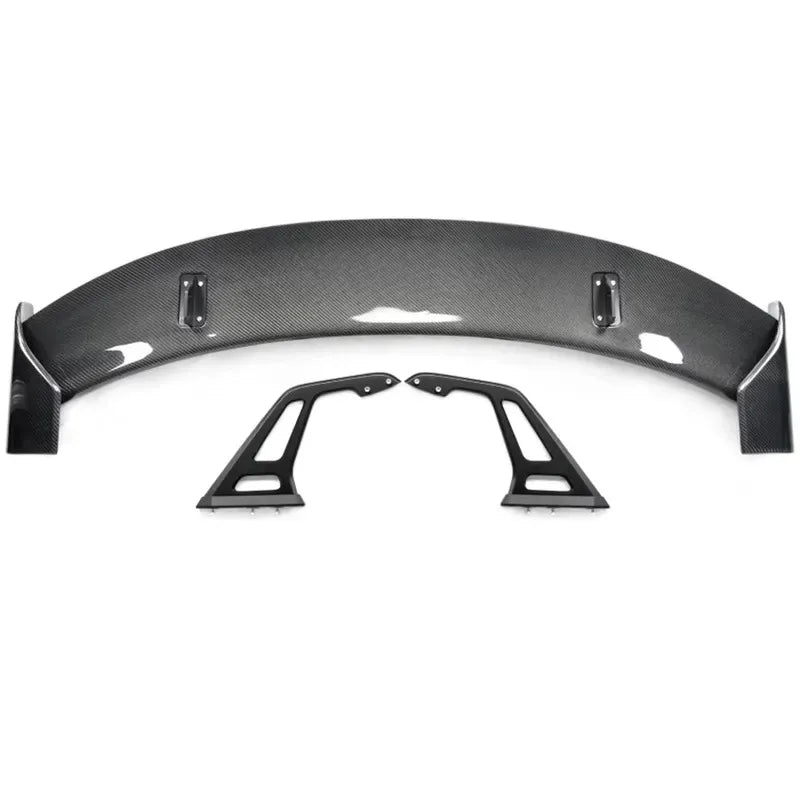 For BMW 2 Series M2 F22 F87 G87 Carbon Fiber Tail Fins Rear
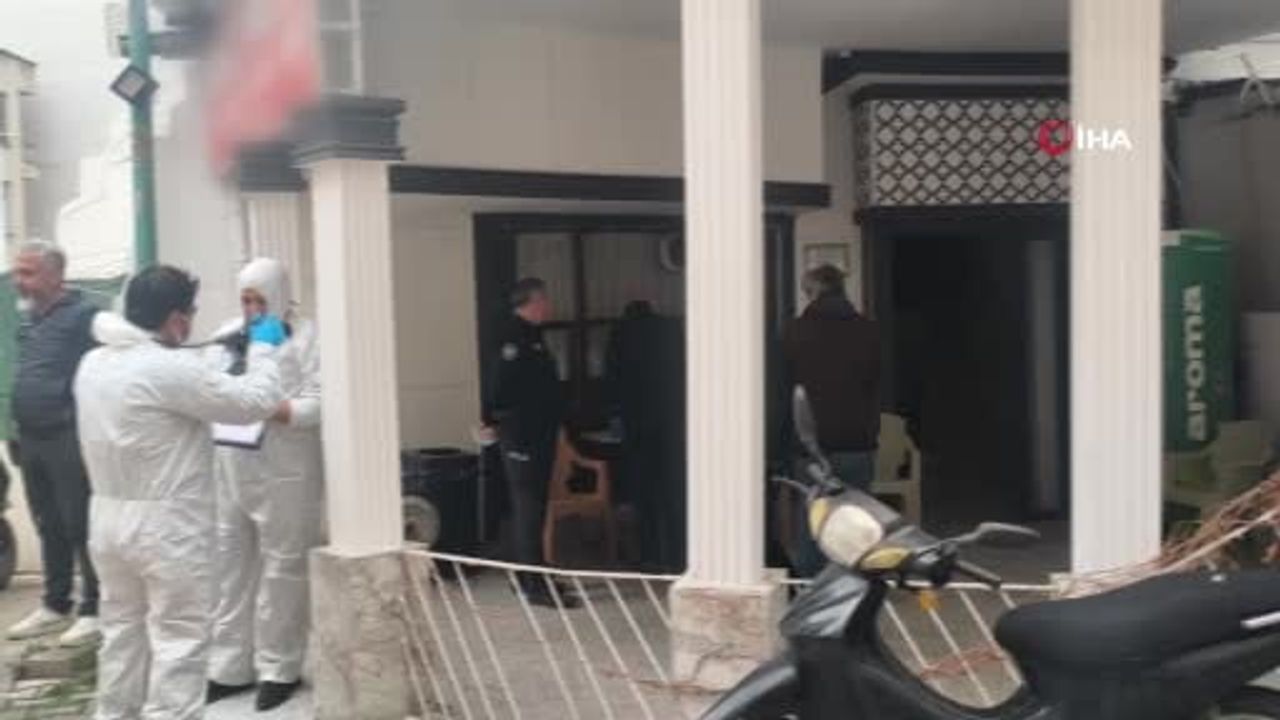 Antalya'da pansiyon odasında ölü bulunan kişi Ahmet Doğan (60) olarak tespit edildi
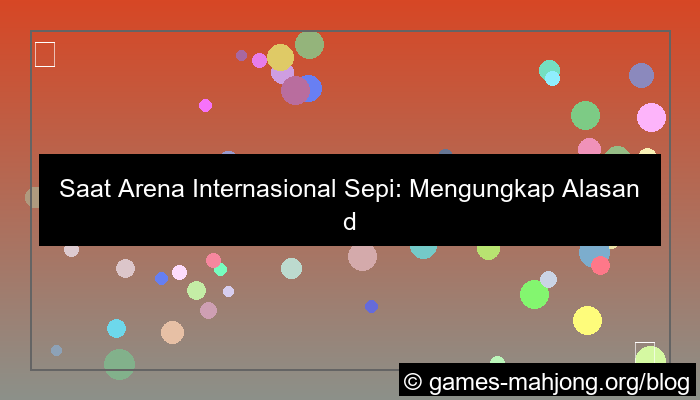 wala meron pertandingan internasional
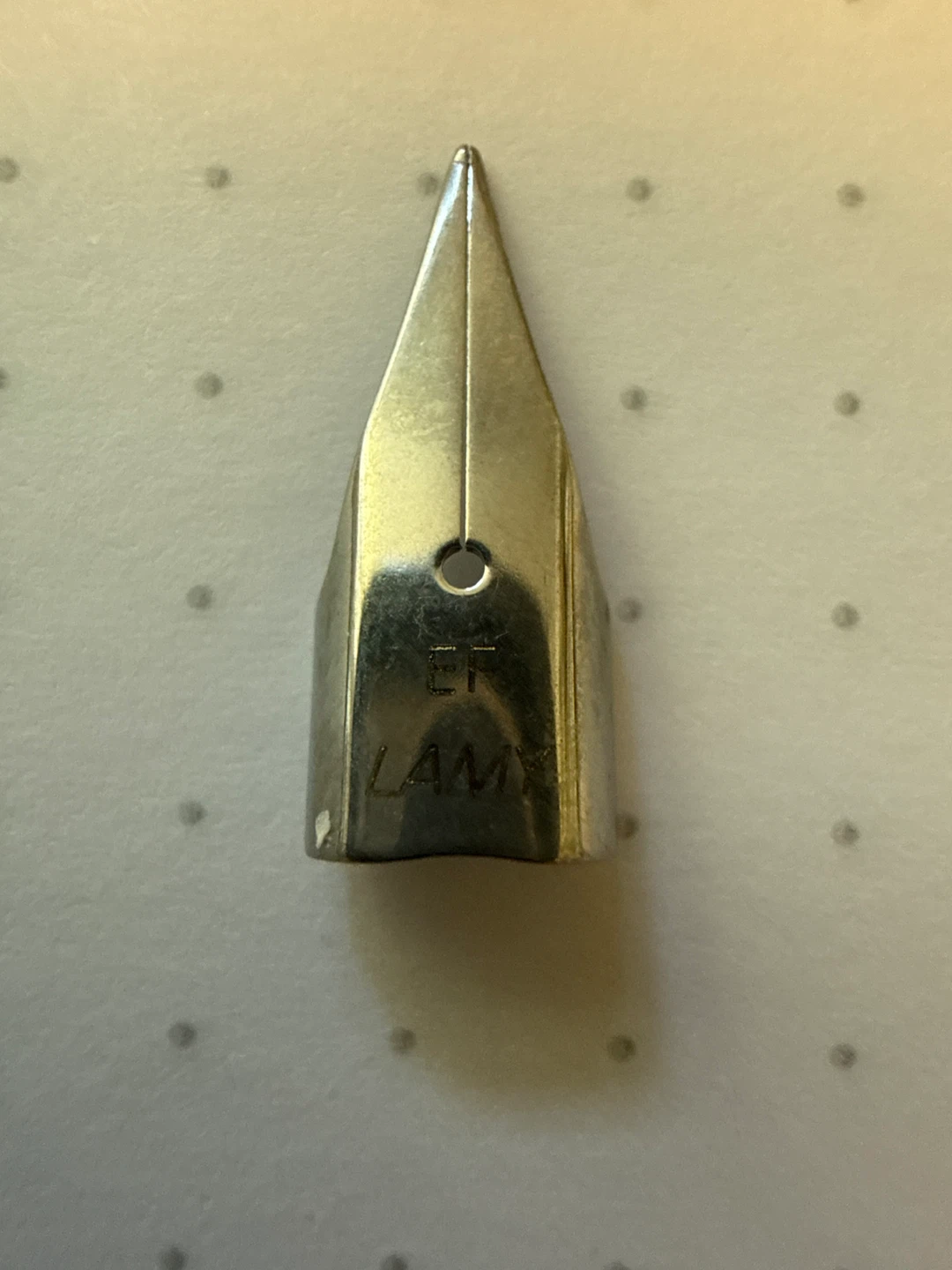 Lamy EF Fountain Pen Nib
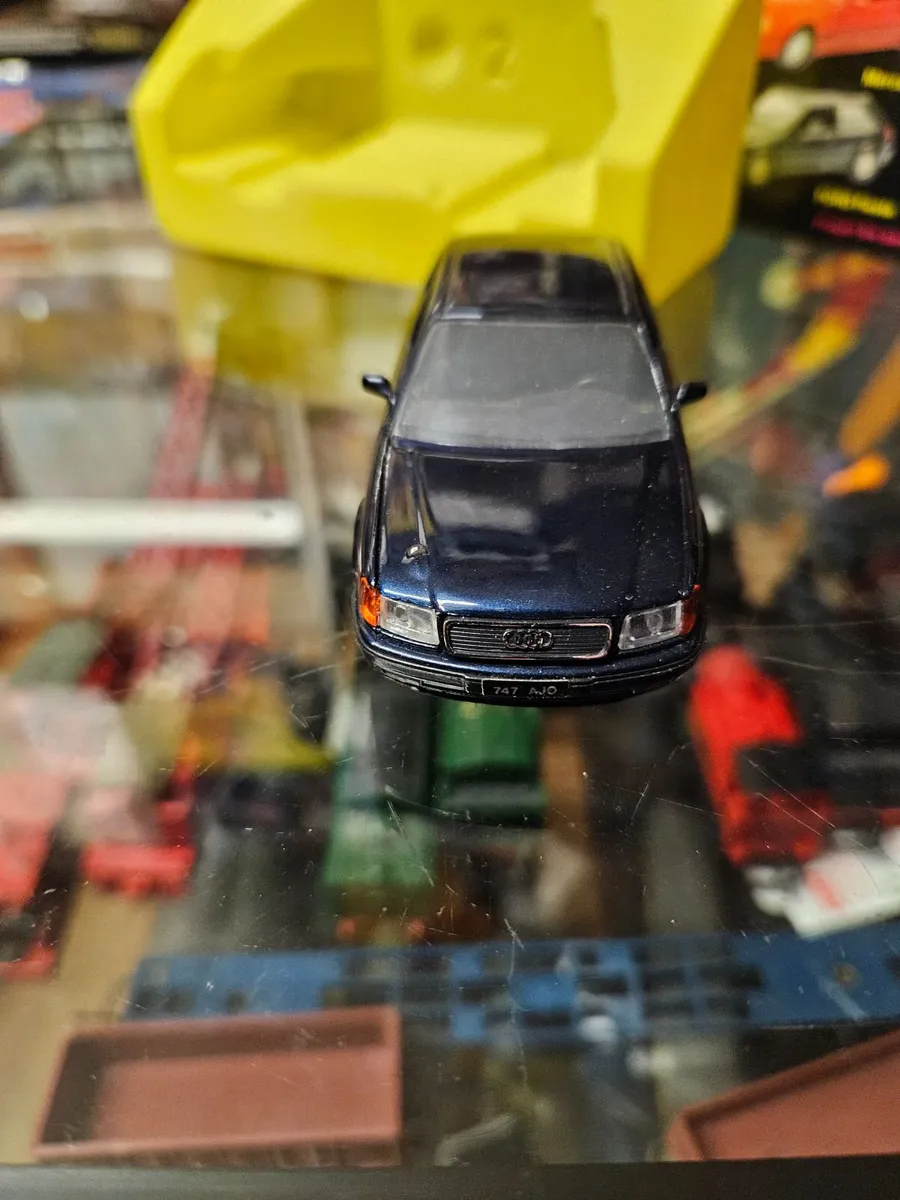 Corgi Schabak Audi 100 - Image 4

---

What is expected – Repeat exactly the lines in the entries from the one containing "Antalya'da pansiyon odasında" to the final line, inclusive, and nothing beyond them; skip pictures.

Your response –
 Antalya'da pansiyon odasında ölü bulunan kişi Ahmet Doğan (60) olarak tespit edildi
 wala meron pertandingan internasional
 Lamy EF Fountain Pen Nib
 Corgi Schabak Audi 100 - Image 4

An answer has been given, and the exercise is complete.